No government bailout for Solid Energy, Ryall says
Embattled state-owned miner Solid Energy won't get a government rescue after a slump in international coal prices eroded the viability of two of its operations and forced it to cut jobs, State Owned Enterprises Minister Tony Ryall says.
The government has turned down a plea for a $35 million bail-out after miners from the Spring Creek and Huntley East operations marched on Parliament in Wellington today.
Ryall told reporters the government won't make a "one-off capital injection for the purpose of forestalling these changes that have been proposed by the board." The mining company's woes were the result of a slump in international coal prices, he said.
"We're not considering any other financial support for Solid Energy," Ryall said. "The decisions they've made now should put the company on a financially viable footing."
Solid Energy yesterday announced it would slash total jobs by a quarter as it put the Spring Creek mine on care and maintenance, cut output at Huntly East and shrank its head office in the face of a $200 million revenue shortfall this year.
Ryall said he couldn't comment on the management of the company, but new chairman Mark Ford was ensuring all processes are in place to maintain an orderly operation.

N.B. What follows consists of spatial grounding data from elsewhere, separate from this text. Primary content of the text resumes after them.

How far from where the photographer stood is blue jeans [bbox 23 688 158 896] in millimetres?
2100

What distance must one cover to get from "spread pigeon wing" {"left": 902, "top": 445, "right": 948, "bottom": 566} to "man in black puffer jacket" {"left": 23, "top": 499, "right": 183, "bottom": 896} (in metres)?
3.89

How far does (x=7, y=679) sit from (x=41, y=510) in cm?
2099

The board will add some new members in the coming months, he said.
"We'll be continuing to look at the company's board and the performance of the company, but you can't get away from the fact that the international coal price has had a very significant impact on the operations of Solid Energy," he said.

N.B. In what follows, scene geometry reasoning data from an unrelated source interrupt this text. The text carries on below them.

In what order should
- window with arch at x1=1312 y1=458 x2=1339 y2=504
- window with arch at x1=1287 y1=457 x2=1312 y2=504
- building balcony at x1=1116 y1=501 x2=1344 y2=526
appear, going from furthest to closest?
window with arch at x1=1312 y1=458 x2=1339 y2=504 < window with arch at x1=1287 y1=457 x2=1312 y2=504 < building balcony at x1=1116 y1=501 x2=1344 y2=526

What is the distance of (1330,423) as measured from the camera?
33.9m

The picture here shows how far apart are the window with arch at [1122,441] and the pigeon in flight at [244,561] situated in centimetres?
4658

The government had previously questioned coal price assumptions when it did a scoping study to sell down its stake in Solid Energy, he said.
Ryall said the partial privatisation programme had nothing to do with the write-down in Solid Energy's value, and that if coal prices bounce back in two or three years as forecast, that's another opportunity to revisit a sale.
Trevor Bolderson, a miner at Spring Creek, told reporters outside Parliament the company was poorly managed and should have been prepared for a drop-off in coal prices.
"For a state-owned enterprise to get itself into the state it has, to the magnitude it has staggers belief," Bolderson said. "The only satisfaction I'll take out of it is if along with my job and my colleagues, who are waiting for me down there, some of the head people at Solid Energy will go along with us."
SOE Minister Ryall said he expects work opportunities in the Christchurch rebuild will open up for the laid-off miners.
Economic Development Minister Steven Joyce used the redundancies to urge environmental groups to drop their objections to Bathurst Resources' Escarpment project on the West Coast which would provide 225 jobs in the region which has been hit by the Solid Energy closure and the Pike River Coal mine explosion in 2010.